Gadis SMP Korban Pelecehan
Anak Anggota DPRD Berniat Nikahi Korban Persetubuhan, Komnas Perempuan Tak Setuju: Bentuk Kekerasan
Komisi Nasional (Komnas) Perempuan, mengecam niat anak anggota DPRD Kota Bekasi yang ingin menikahi korban persetubuhan berinisal PU (15).
Penulis: Yusuf Bachtiar | Editor: Wahyu Septiana
Laporan wartawan TribunJakarta.com, Yusuf Bachtiar
TRIBUNJAKARTA.COM, BEKASI SELATAN - Komisi Nasional (Komnas) Perempuan, mengecam niat anak anggota DPRD Kota Bekasi yang ingin menikahi korban persetubuhan berinisal PU (15).
Komisioner Komnas Perempuan Siti Aminah Tardi mengatakan, niat menikahkan tersangka dengan korban adalah bentuk kekerasan lain.
"Kami sangat tidak sepakat (menikahkan korban dengan tersangka), itu sama saja bentuk kekerasan gender lain pemaksaan perkawinan," kata Siti saat dikonfirmasi, Selasa (25/5/2021).

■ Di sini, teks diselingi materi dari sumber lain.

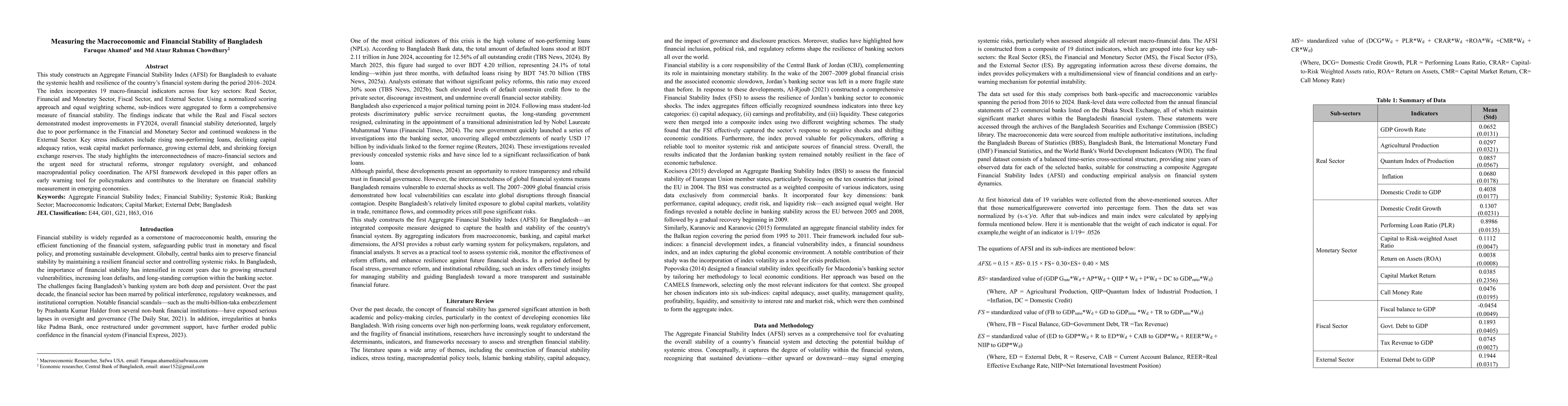 Thumbnail for Measuring the Macroeconomic and Financial Stability of Bangladesh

Dia menilai, posisi korban dalam hal ini sangat dirugikan baik sebagai perempuan maupun sebagai anak di bawah umur.
"Dalam hal ini korban jelas tidak masuk dalam perkawinan berdasarkan pilihan bebas dan persetujuannya," terang Siti.

Komnas Perempuan meminta, penanganan kasus persetubuhan yang dialami PU (15) saat ini harus fokus terhadap pemulihan dampak trauma disamping keadilan hukum tetap berjalan.
"Dampak persetubuhan yang dilakukan pelaku tidak dapat diselesaikan dengan perkawinan, justru akan menambah beban untuk korban," tegas dia.
Baca juga: Pria Paruh Baya Tewas di Lobby Hotel, Dicek Positif Covid-19
Baca juga: Tak Ada Puncak Arus Balik Lebaran, Polisi: Data Menunjukan Memang Tidak Ada
Baca juga: Komnas Perempuan Tolak Rencana Tersangka Anak Anggota DPRD Kota Bekasi Nikahi Korbannya
Tolak Rencana Tersangka Anak Anggota DPRD Kota Bekasi Nikahi Korbannya
Sebelumnya, Komisi Nasional (Komnas) Perempuan melarang niat tersangka persetubuhan AT (21) menikahi korbannya berinisal PU (15).
Hal ini disamakan Komisioner Komnas Perempuan Siti Aminah Tardi saat dikonfirmasi, Selasa (25/5/2021).
Siti mengatakan, jika tersangka dengan korban dinikahkan, besar kemungkinan akan terjadi bentuk kekerasan yang lebih merugikan bagi PU.
"Bisa jadi korban akan mengalami berbagai kekerasan lain, maka dari itu tidak boleh mengawinkan tersangka dengan korban," kata Siti.
Siti menjelaskan, dalam konvensi penghapusan segala bentuk diskriminasi terhadap perempuan, UU HAM, UU Perkawinan dan anak, hak seseorang memasuki perkawinan hanya dapat dilaksanakan berdasarkan pilihan bebas.
"Rencana menikahi korban adalah bentuk kekerasan berbasis gender yaitu pemaksaan perkawinan, dan itu dilarang," tegas dia.